### EXERCISE
Starting at the line that contains "Veste à capuche", retype each line to the end of the listing below. Include both ends, but not the pictures.

### EXCERPTED RECORDS
··········
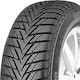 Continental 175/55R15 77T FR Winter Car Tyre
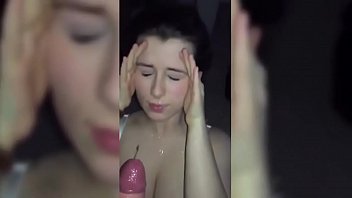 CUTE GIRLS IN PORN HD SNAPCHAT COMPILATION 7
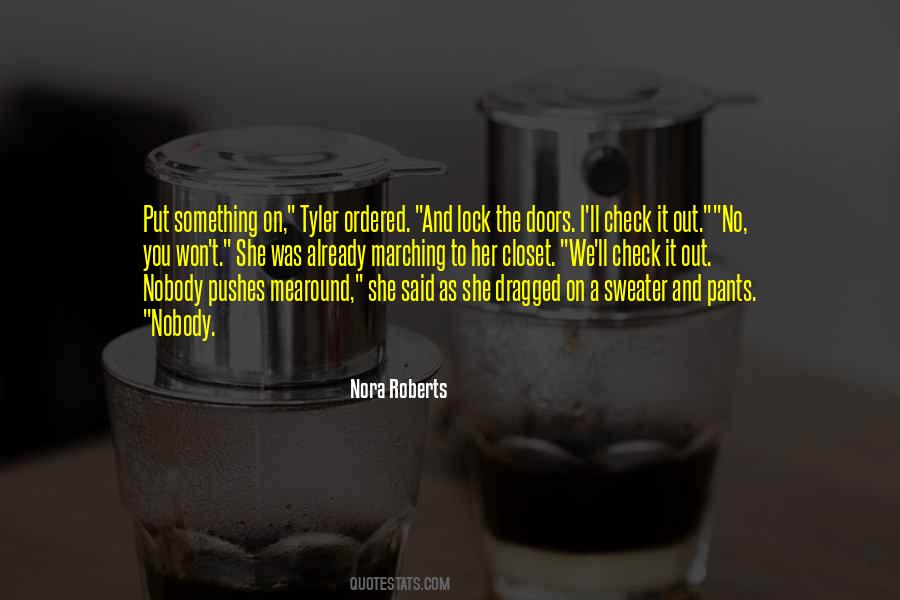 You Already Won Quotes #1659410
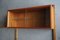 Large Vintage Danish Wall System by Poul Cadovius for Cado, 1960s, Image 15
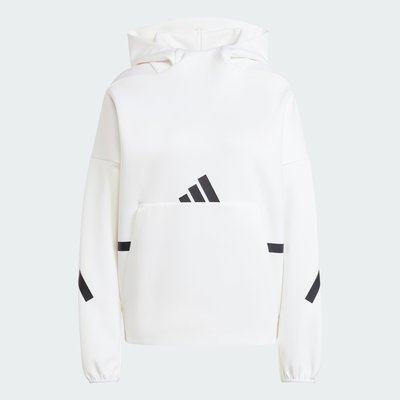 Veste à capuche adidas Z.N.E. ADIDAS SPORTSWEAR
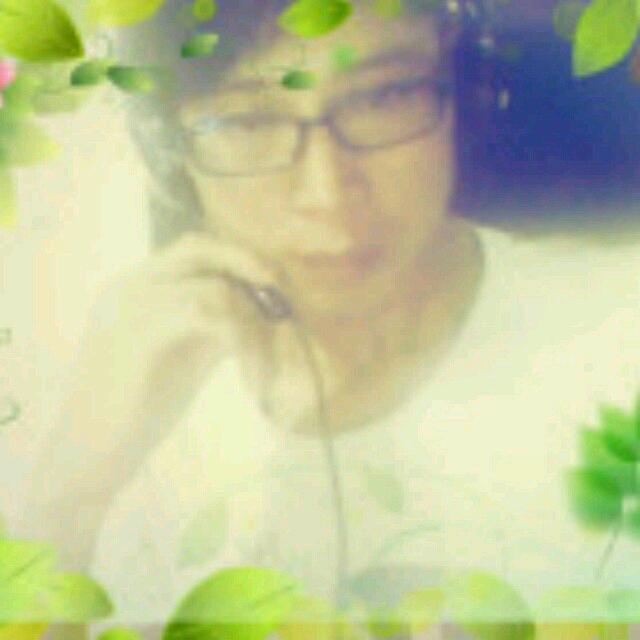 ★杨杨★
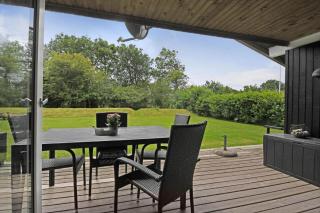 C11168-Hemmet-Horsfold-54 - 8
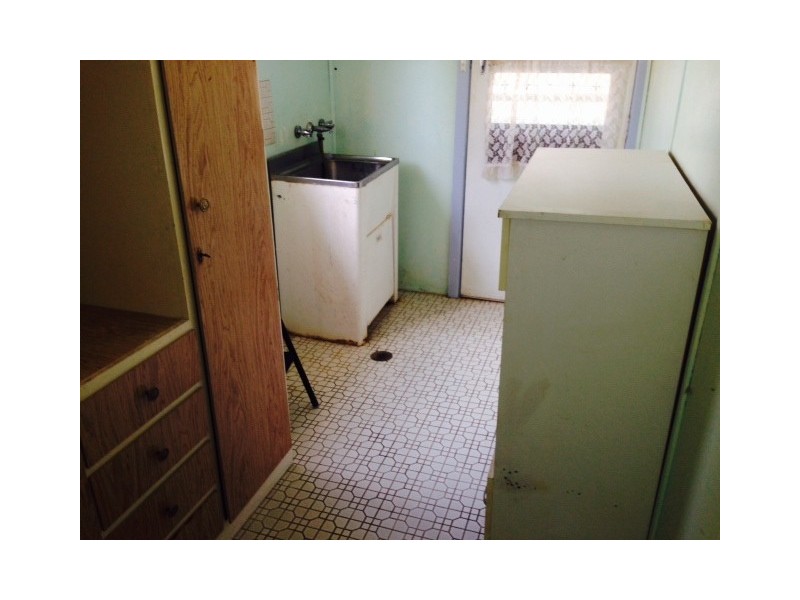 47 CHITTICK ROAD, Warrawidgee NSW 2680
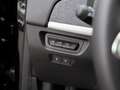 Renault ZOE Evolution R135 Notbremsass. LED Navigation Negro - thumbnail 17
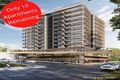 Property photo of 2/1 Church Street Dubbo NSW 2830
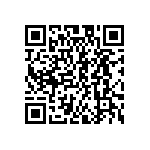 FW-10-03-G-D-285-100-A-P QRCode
··········
### OUTPUT FOR THIS EXERCISE
 Veste à capuche adidas Z.N.E. ADIDAS SPORTSWEAR
 ★杨杨★
 C11168-Hemmet-Horsfold-54 - 8
 47 CHITTICK ROAD, Warrawidgee NSW 2680
 Renault ZOE Evolution R135 Notbremsass. LED Navigation Negro - thumbnail 17
 Property photo of 2/1 Church Street Dubbo NSW 2830
 FW-10-03-G-D-285-100-A-P QRCode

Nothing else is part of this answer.